A Fresh Outlook on Journalism

A new philanthropy certificate will soon be available to students through the J-MC School.

The word “journalism” elicits an image of reporters hard at work in their field. But at The University of Iowa, journalism also paints a different picture.

Officials have been working on creating a philanthropic studies certificate within the School of Journalism and Mass Communication that, if approved, should be available for undergraduates as early as spring 2011.

“Journalism is being reinvented and a lot of what we defined as journalism will change radically,” J-MC School Director Dr. David Perlmutter said. “I think that schools of journalism and mass communication need to prepare people for modern careers in news and information and strategic communication.”
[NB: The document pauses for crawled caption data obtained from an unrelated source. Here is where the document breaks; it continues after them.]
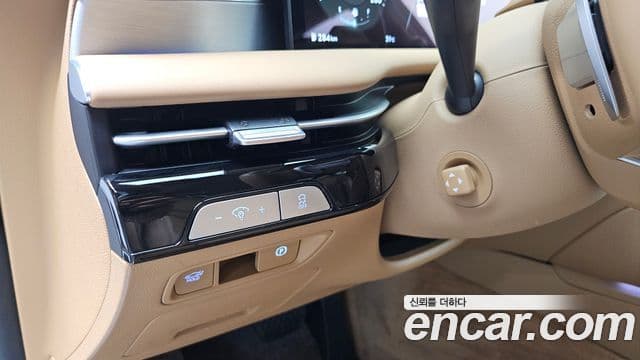 Genesis Electrified G80 2024 — Şəkil 18/20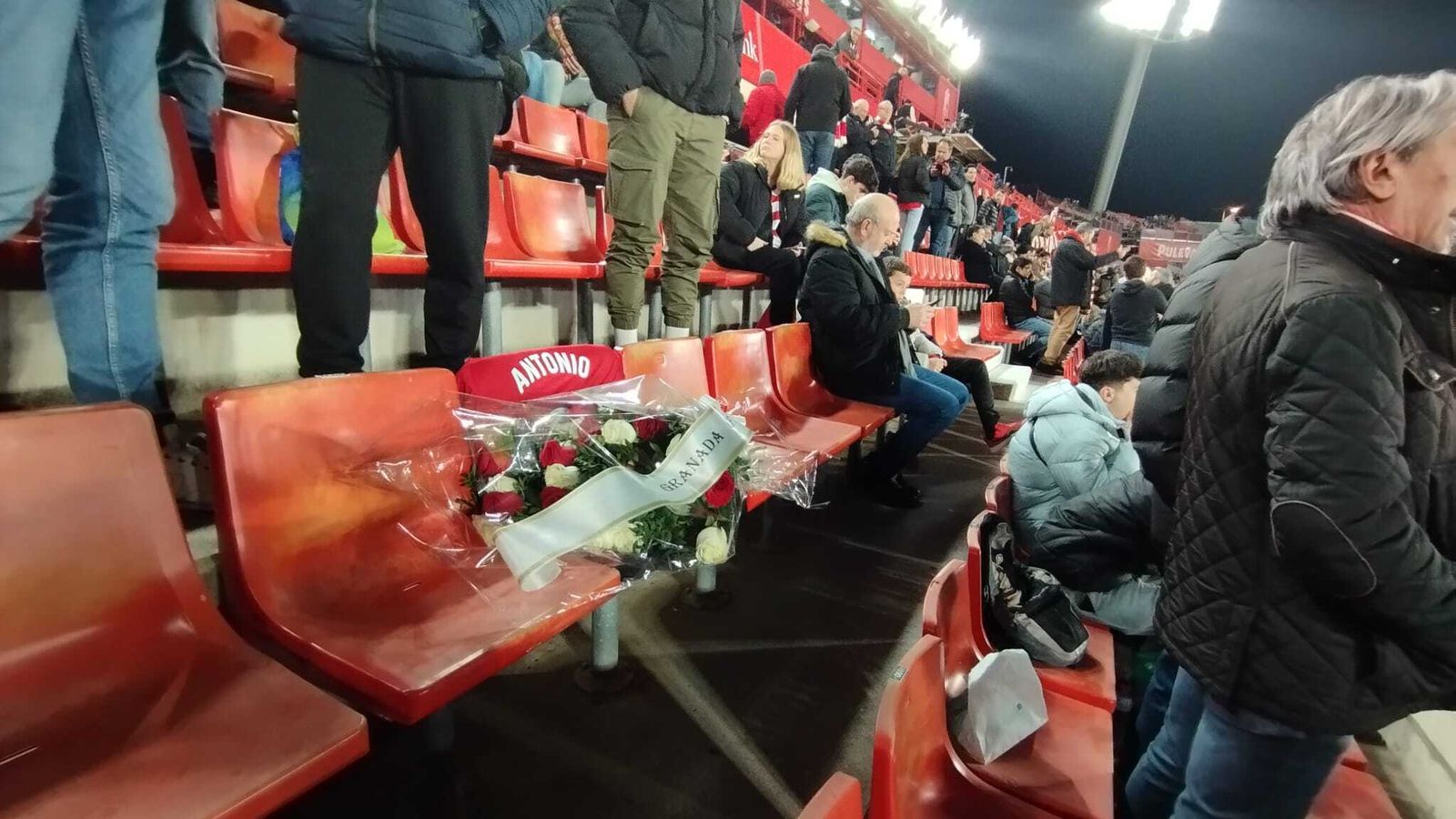 El homenaje del Granada CF a Antonio Trujillo en imágenes
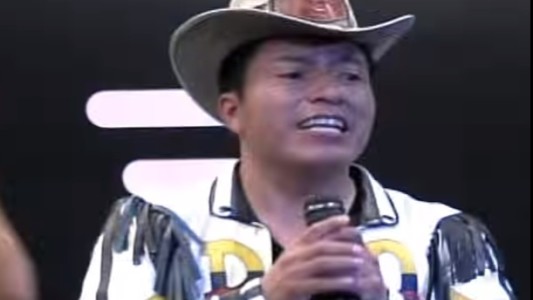 Video viral: el curioso homenaje de Delfìn Quishpe a Gustavo Cerati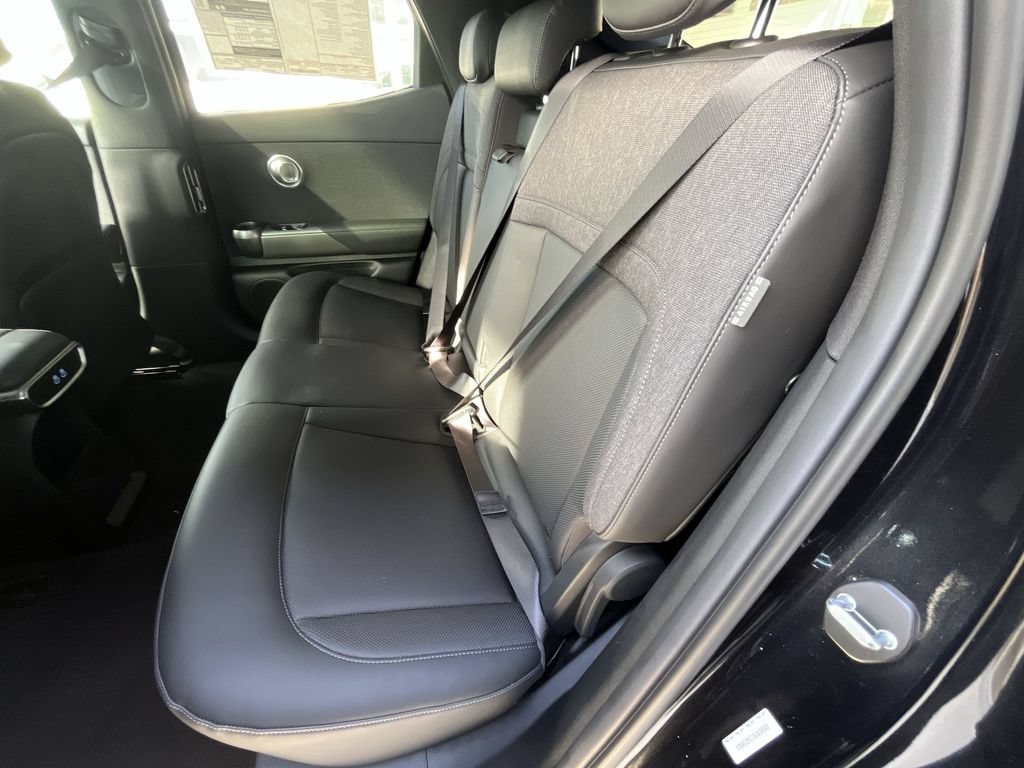 New 2025 Genesis GV60 Advanced AWD/4WD image 25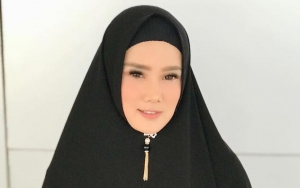 Foto Lawas Mulan Pakai Kostum Dilengkapi Spion Motor Viral, Netter Teringat Nasihat Bijak Maia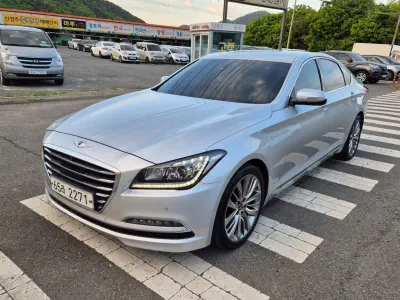 Hyundai Genesis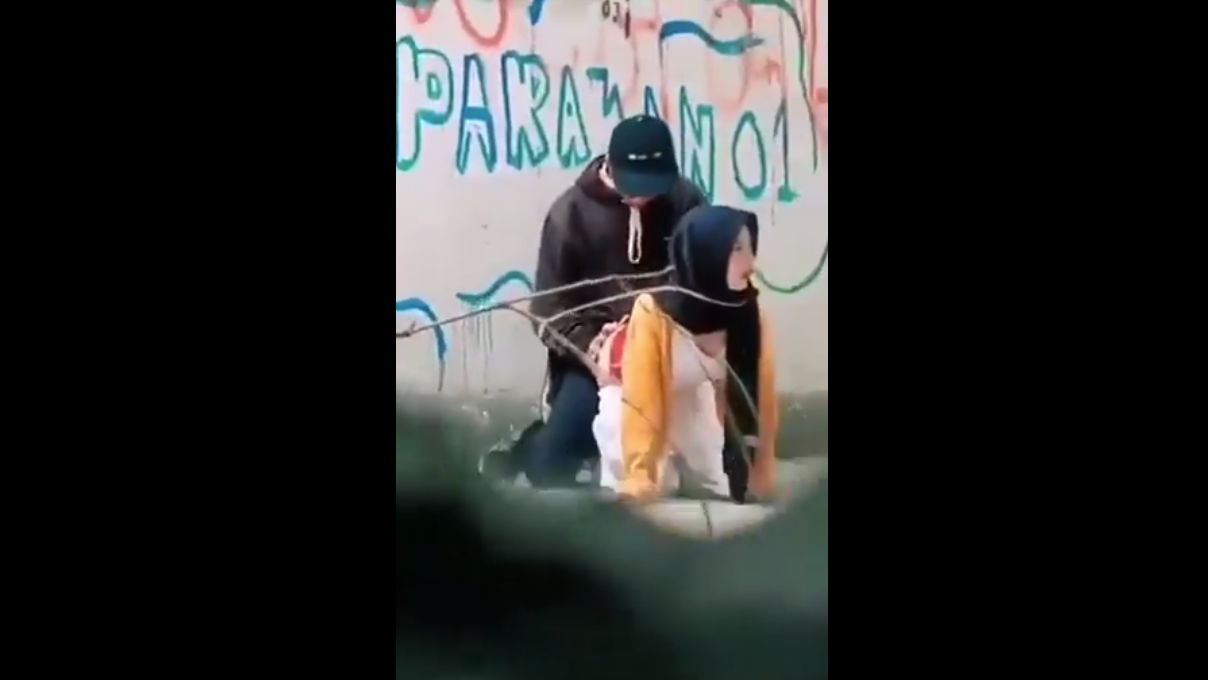 ABG Viral Pasangan Muda Yang Sangat berani Wiwik Dikebun Belakang Rumah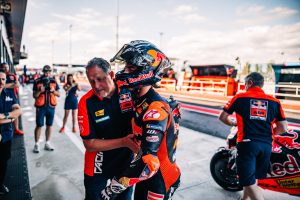 Pedro Acosta wird nach der Rückkehr in die Boxengasse von einem Teammitglied in den Arm genommen – MotoGP San-Marino-GP Misano 2026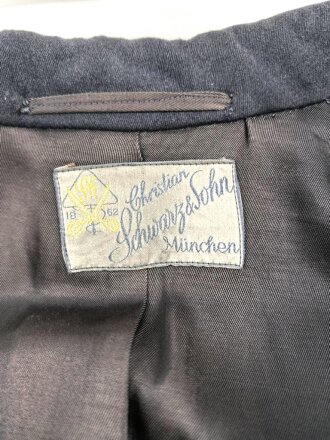 Luftwaffe, Waffenrock für einen Leutnant fliegenes Personal. Eigentumstsück mit Schneideretikett aus München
The school hopes to not only see students from the J-MC School but also those from other disciplines. Within the certificate students will be required to take 18 semester hours of philanthropy and fundraising related coursework within different fields as well as a required internship in the field of fundraising.
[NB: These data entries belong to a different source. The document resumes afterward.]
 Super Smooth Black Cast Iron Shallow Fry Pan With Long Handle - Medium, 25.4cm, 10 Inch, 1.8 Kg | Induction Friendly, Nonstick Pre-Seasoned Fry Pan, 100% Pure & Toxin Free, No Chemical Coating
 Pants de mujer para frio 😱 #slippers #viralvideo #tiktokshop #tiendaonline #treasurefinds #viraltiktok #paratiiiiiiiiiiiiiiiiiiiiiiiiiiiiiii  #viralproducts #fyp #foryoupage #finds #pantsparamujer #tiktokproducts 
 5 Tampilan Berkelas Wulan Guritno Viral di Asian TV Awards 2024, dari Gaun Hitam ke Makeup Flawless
Last year, Kevin Gruneich (B.B.A, 1980) gave a $100,000 gift to the UI Foundation to begin this program. This gift brought Louisiana State University Professor Richard Nelson to the UI to help work on the program for the spring semester. Nelson, Perlmutter and Lecturer Ann Haugland have been working together to set up the certificate, including possible coursework.
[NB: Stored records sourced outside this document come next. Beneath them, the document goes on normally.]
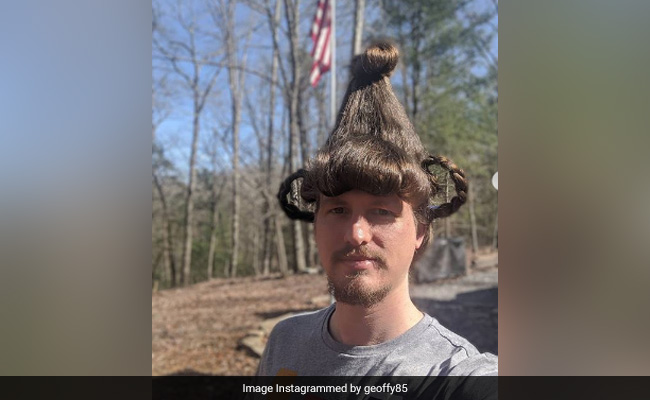 Coronavirus Lockdown के चलते बंद हुआ लड़की का सलून तो बॉयफ्रेंड के बालों के साथ किया ऐसा... देखें Photos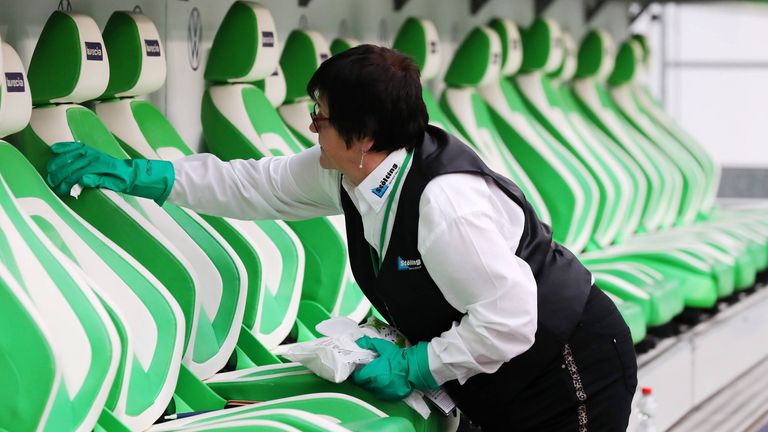 Auch die Bundesliga muss sich mit dem Thema Coronavirus beschäftigen.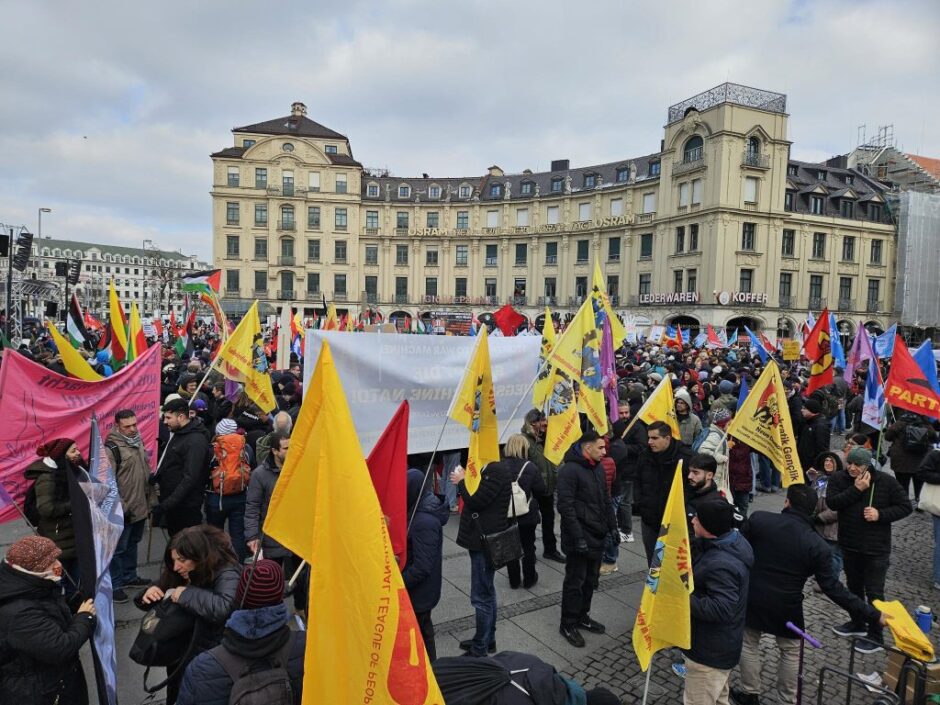 En imágenes: Demostración contra la Cumbre de Seguridad de la OTAN en Munich 6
“The proposal here is unique,” Nelson said. “Why come to Iowa? Well, you can get a good education and you can participate in a certificate program such as this. “It gives you a chance to do something that makes a difference in something you care about.”

Officials made a proposal to the Education Policy Committee (EPC), a review committee, on Feb. 15. It could be approved as soon as fall 2010. In order to have a certificate there are certain rules according to the EPC: it must have an interdisciplinary base, be at least 18 semester hours, meets an educational need and have some sort of public value. Nelson noted the proposed certificate has met those requirements.

Elizabeth Shores (senior, Cedar Rapids, Iowa) worked as a research assistant and gathered information and statistics that were used in the development of the program. She said she believes the inclusion of the program in the J-MC School is important.

“I believe that philanthropy is much more about communication and drawing people together than it is about managing money,” Shores said.

The proposed certificate is not only beneficial for the field of mass communication, but also for students at the undergraduate level who, officials believe, should have this broader experience.

“As far as I know there is no other fundraising and philanthropy communication program in a communication school within a college of liberal arts that has the broad outreach that we have at the undergraduate level,” Perlmutter said. “It’s the kind of thing that you can’t get at Harvard—that you have to come here for.”